Task requirements:
Apart from the pictures, every entry below must be given again exactly.

Data to process:
Start of Block

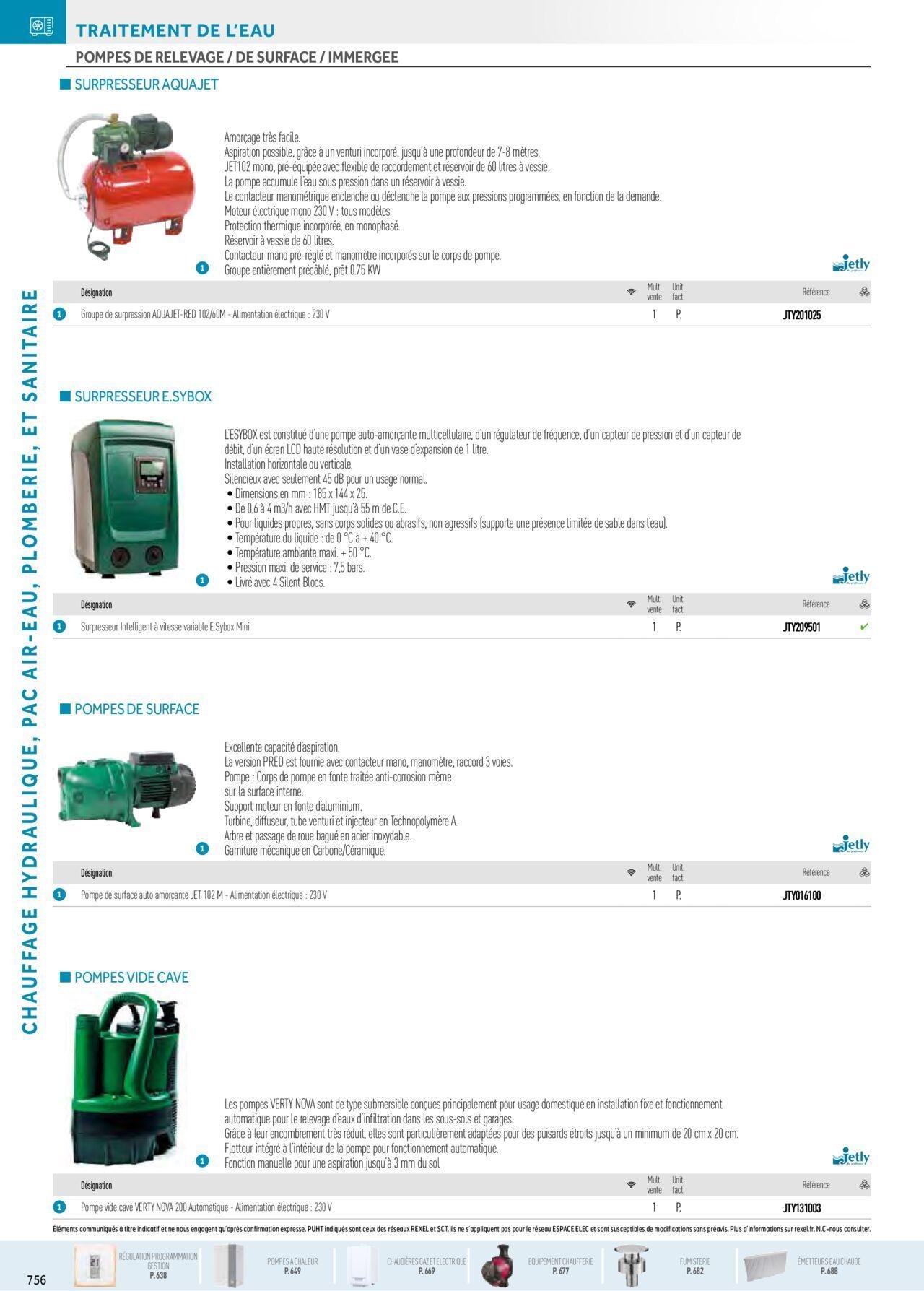 rexel - Rexel Chauffage Hydraulique, Plomberie et Sanitaire à partir du 01/12/2023 - 31/12/2024 - page: 122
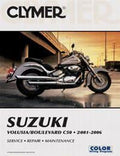 MANUAL Suzuki Volusia, CLYMER M260 REPAIR Maintenance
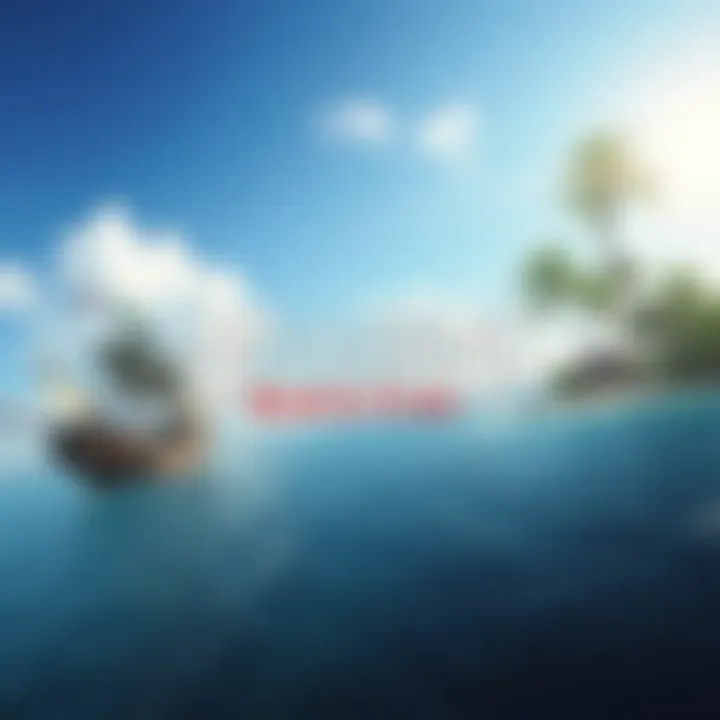 A graphic showing the iconic Assassin's Creed logo alongside a pirate ship and tropical island, symbolizing the Black Flag remake reveal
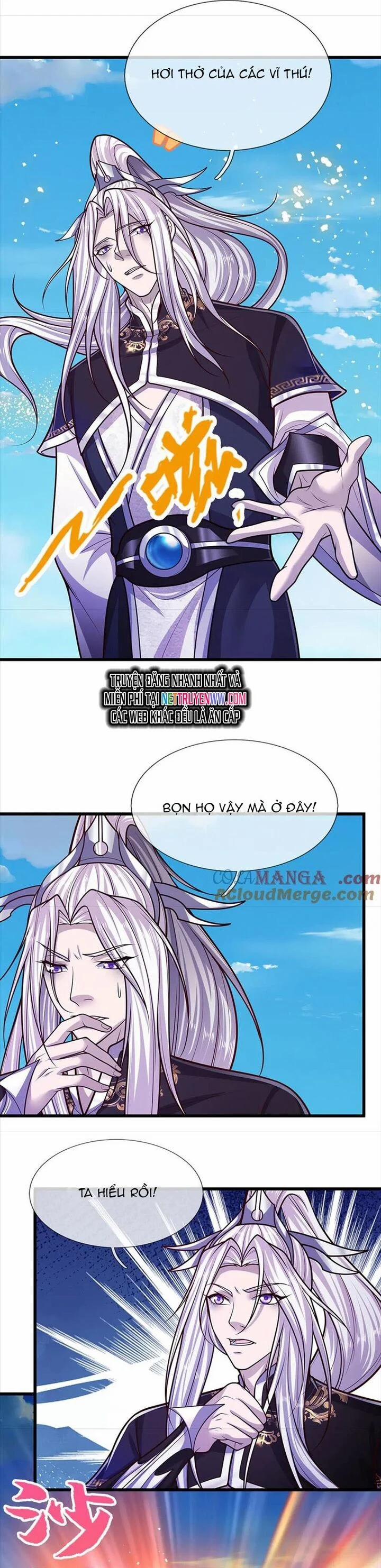 Bị Giam Cầm Trăm Vạn Năm Đệ Tử Ta Trải Khắp Chư Thiên Thần Giới 328 trang 17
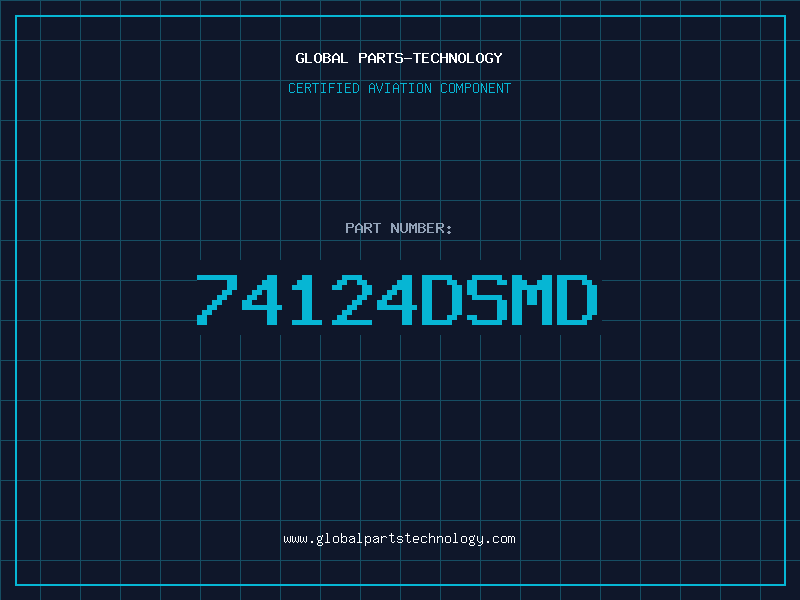 Aviation Part 74124DSMD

End of Block

Expected answer:
 rexel - Rexel Chauffage Hydraulique, Plomberie et Sanitaire à partir du 01/12/2023 - 31/12/2024 - page: 122
 MANUAL Suzuki Volusia, CLYMER M260 REPAIR Maintenance
 A graphic showing the iconic Assassin's Creed logo alongside a pirate ship and tropical island, symbolizing the Black Flag remake reveal
 Bị Giam Cầm Trăm Vạn Năm Đệ Tử Ta Trải Khắp Chư Thiên Thần Giới 328 trang 17
 Aviation Part 74124DSMD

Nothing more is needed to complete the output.